Mobile Development 23 min read

Understanding and Building an Android MVVM Application Framework

The article clarifies that Android MVVM is an architectural pattern distinct from Google’s DataBinding tool, contrasts MVC and MVP shortcomings, outlines MVVM’s View, Model, and ViewModel layers with detailed responsibilities and sample RxJava/Retrofit code, and recommends using a global Messenger for decoupled ViewModel communication to achieve low‑coupling, testable, data‑driven UI development.

Meituan Technology Team
Meituan Technology Team
Meituan Technology Team
Understanding and Building an Android MVVM Application Framework

When people mention Android MVVM, they often think of Google’s DataBinding framework released in 2015. However, the two concepts are different: MVVM is an architectural pattern, while DataBinding is a tool that implements data‑UI binding and can be used to construct an MVVM framework.

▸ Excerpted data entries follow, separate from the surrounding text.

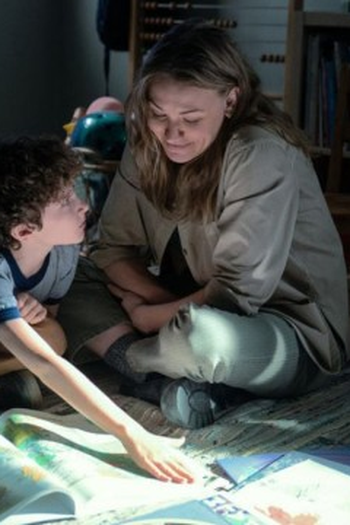 Poster de Episódio Think About the Bubbles (2024)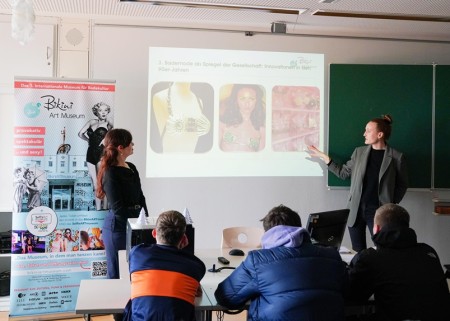 Regensburger Pindl-Gymnasium startet Kunstprojekt mit BikiniARTmuseum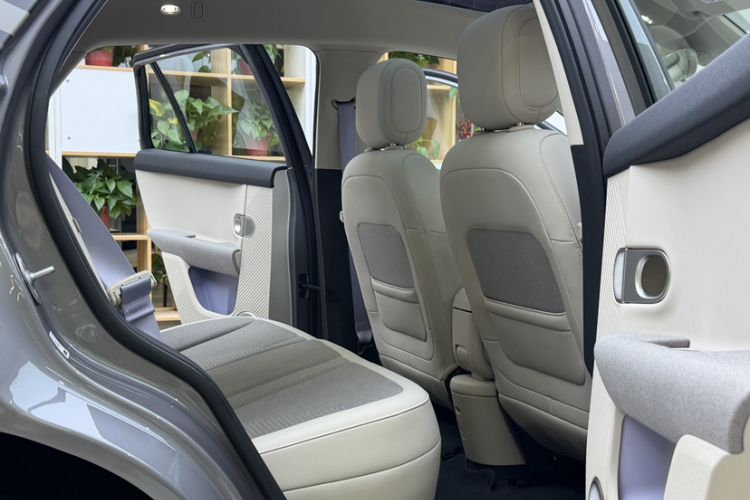 Used firefly 2025 Free Edition Interior 3
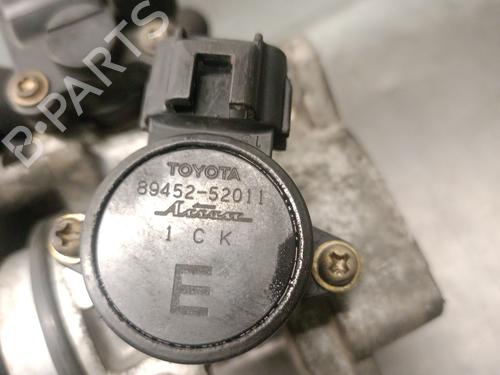 Throttle body TOYOTA YARIS (_P1_) 1.0 (SCP10_, SCP10R) | BP32483053M82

The article first explains the three classic Android UI patterns—MVC, MVP, and MVVM—highlighting the shortcomings of MVC (Activities become massive) and MVP (interface granularity, UI‑driven logic, and coupling). It then introduces MVVM, describing its three layers:

View : Activity/Fragment and XML, responsible only for UI rendering and user interaction.

Model : Data sources such as network APIs, local storage, and entity beans.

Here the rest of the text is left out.